NOT FOR RELEASE, PUBLICATION OR DISTRIBUTION IN WHOLE OR IN PART IN, INTO OR FROM ANY JURISDICTION WHERE TO DO SO WOULD CONSTITUTE A VIOLATION OF THE RELEVANT LAWS OF SUCH JURISDICTION

FOR IMMEDIATE RELEASE

23 November 2015

Recommended Cash Offer for APR Energy plc ("APR Energy")

by

Apple Bidco Limited ("Bidco") an entity jointly controlled by Fairfax Financial Holdings Limited ("Fairfax"), ACON Equity Management, LLC ("ACON") and Albright Capital Management LLC ("ACM") (together the "Joint Bidders")

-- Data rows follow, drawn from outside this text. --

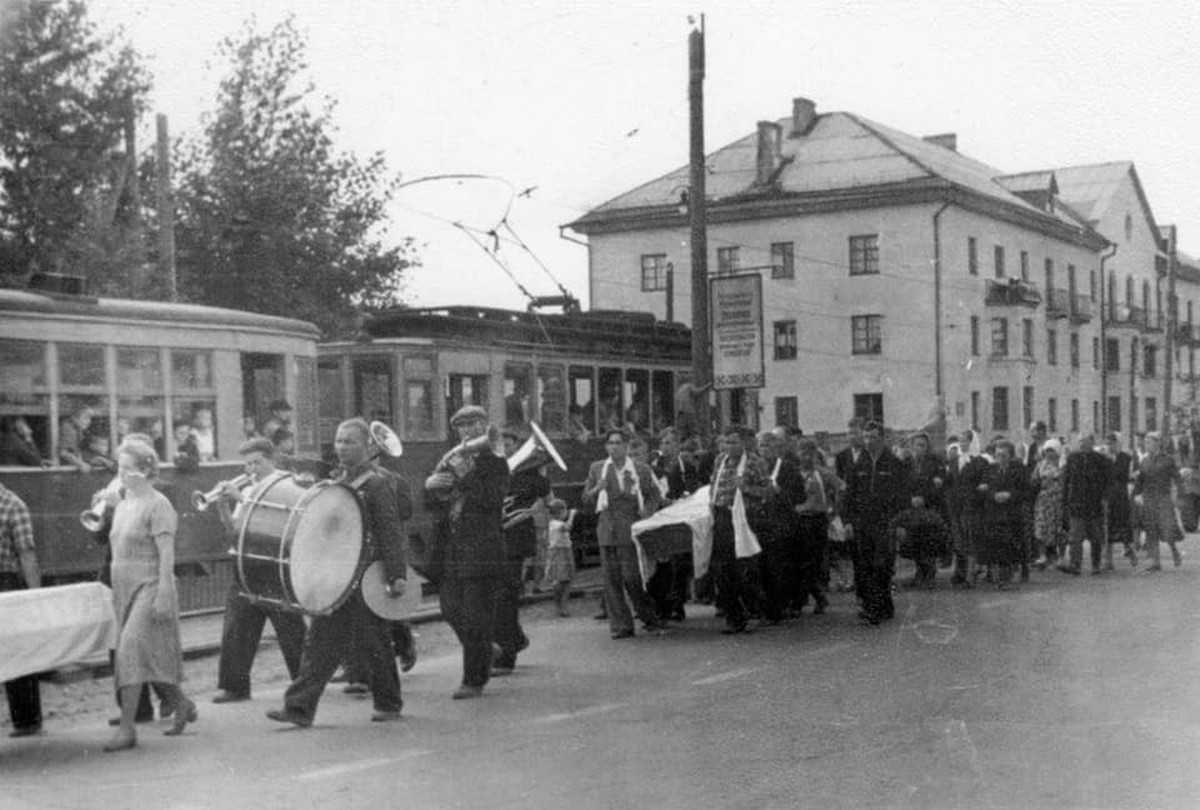 2-Странные советские традиции-Оркестр на похоронах.jpg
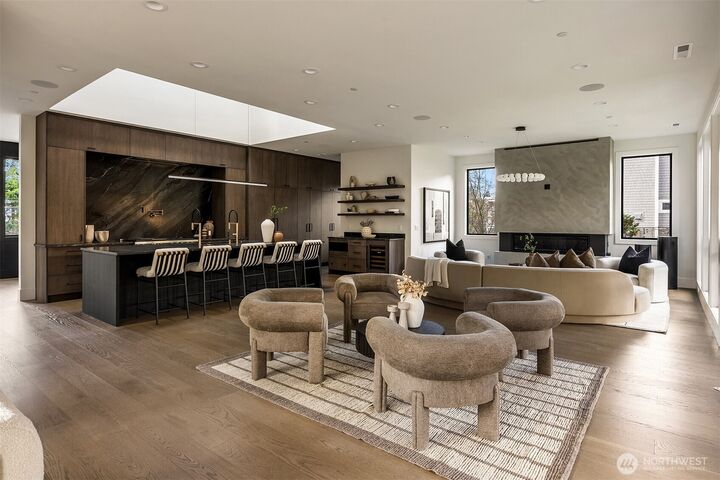 Property Photo: 5808 Lakeview Drive WA 98033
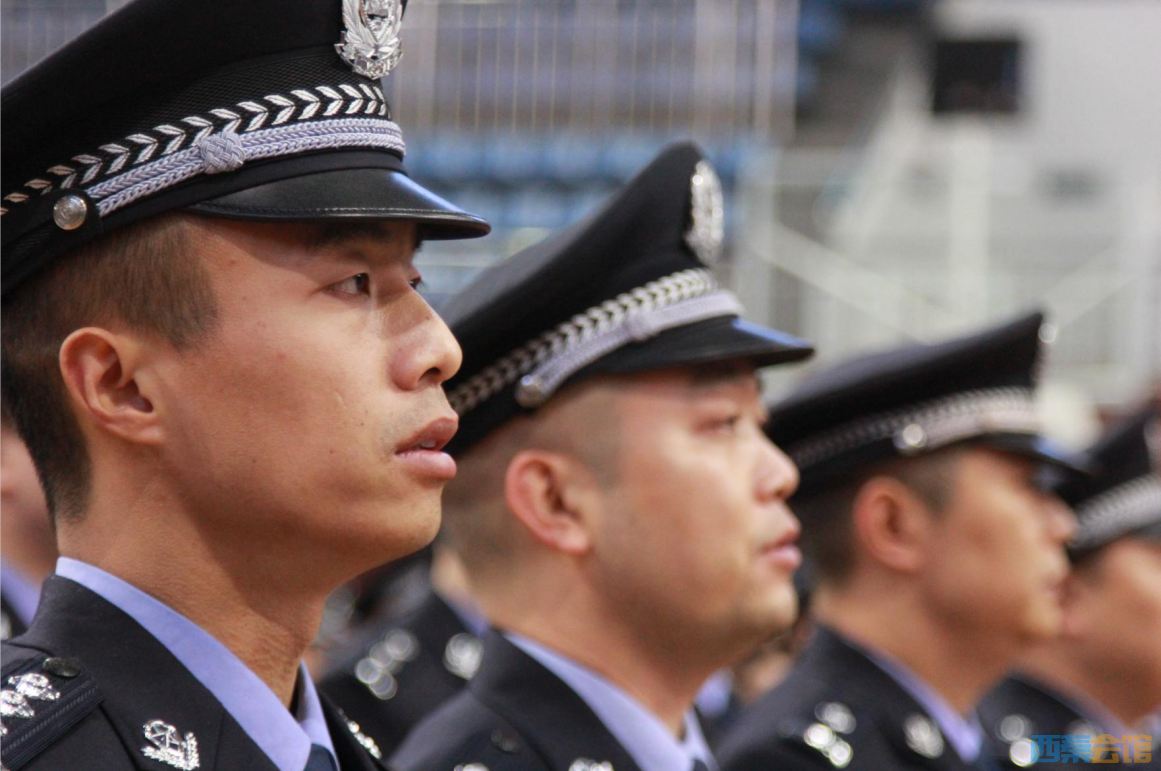 自贡市公安局大安分局首届人民警察礼仪竞赛圆满举行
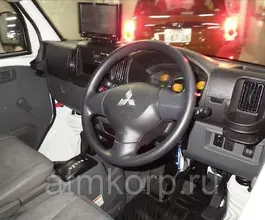 Микроавтобус Mitsubishi MINICAB  б/у фото 4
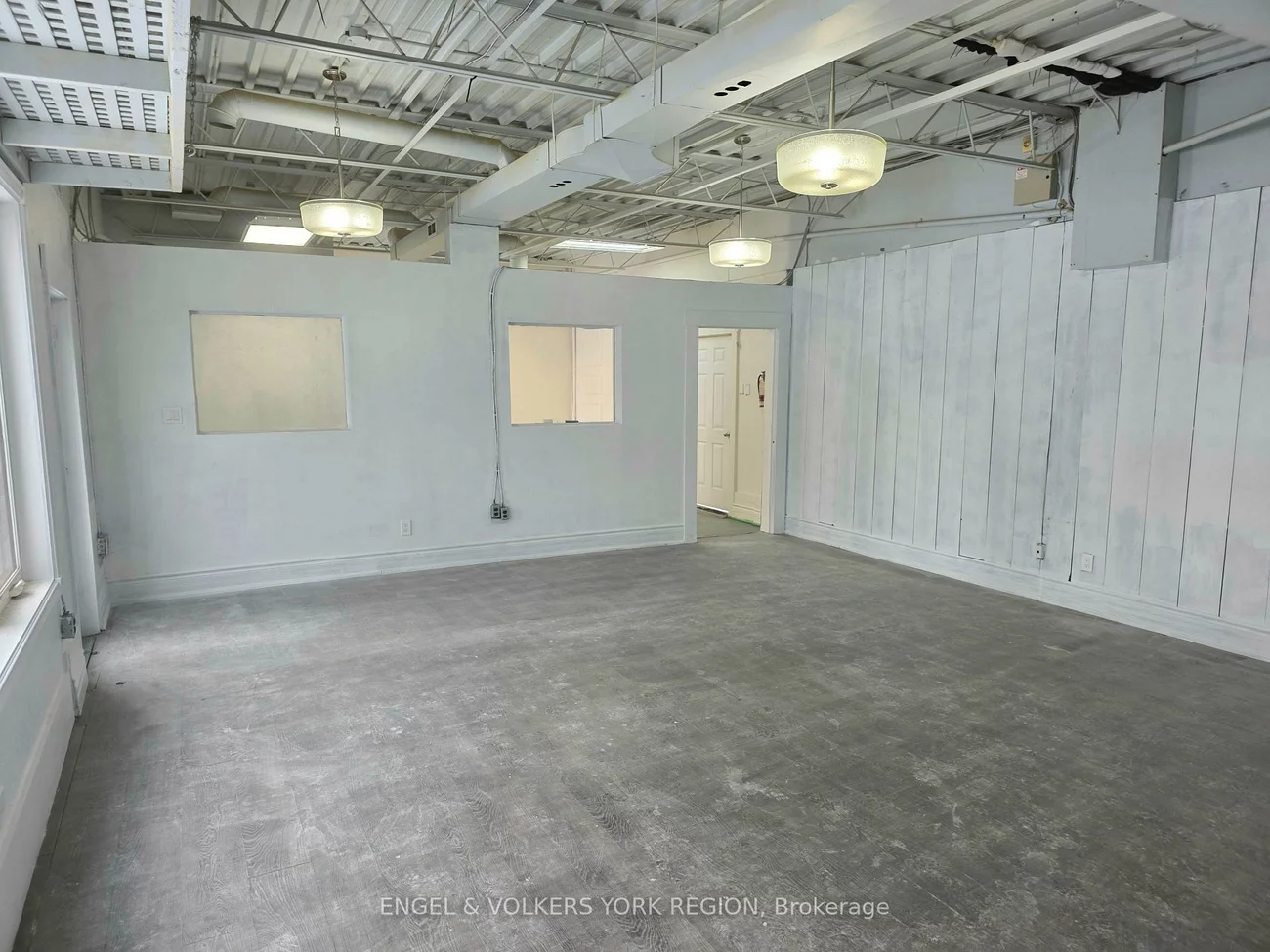 1344, Wellington, Rural King, King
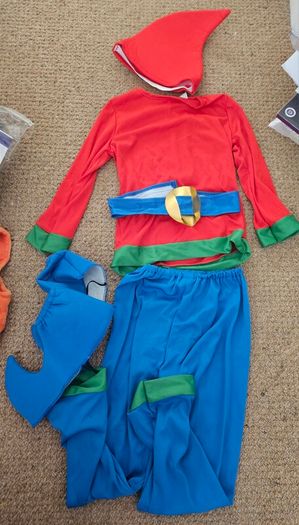 Costume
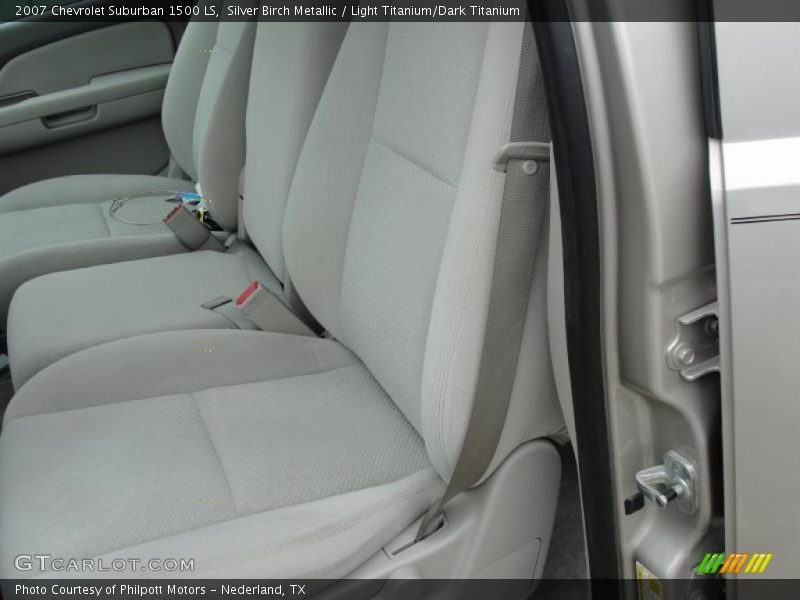 Silver Birch Metallic / Light Titanium/Dark Titanium 2007 Chevrolet Suburban 1500 LS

Publication of Offer Document

On 26 October 2015, the board of Bidco and the Independent APR Energy Directors announced the terms of a recommended cash

offer for the acquisition of the entire issued and to be issued ordinary share capital of APR Energy, other than the Committed APR Energy Shares, such offer to be made by Bidco, an entity jointly controlled by Fairfax, ACON and ACM (the "Offer").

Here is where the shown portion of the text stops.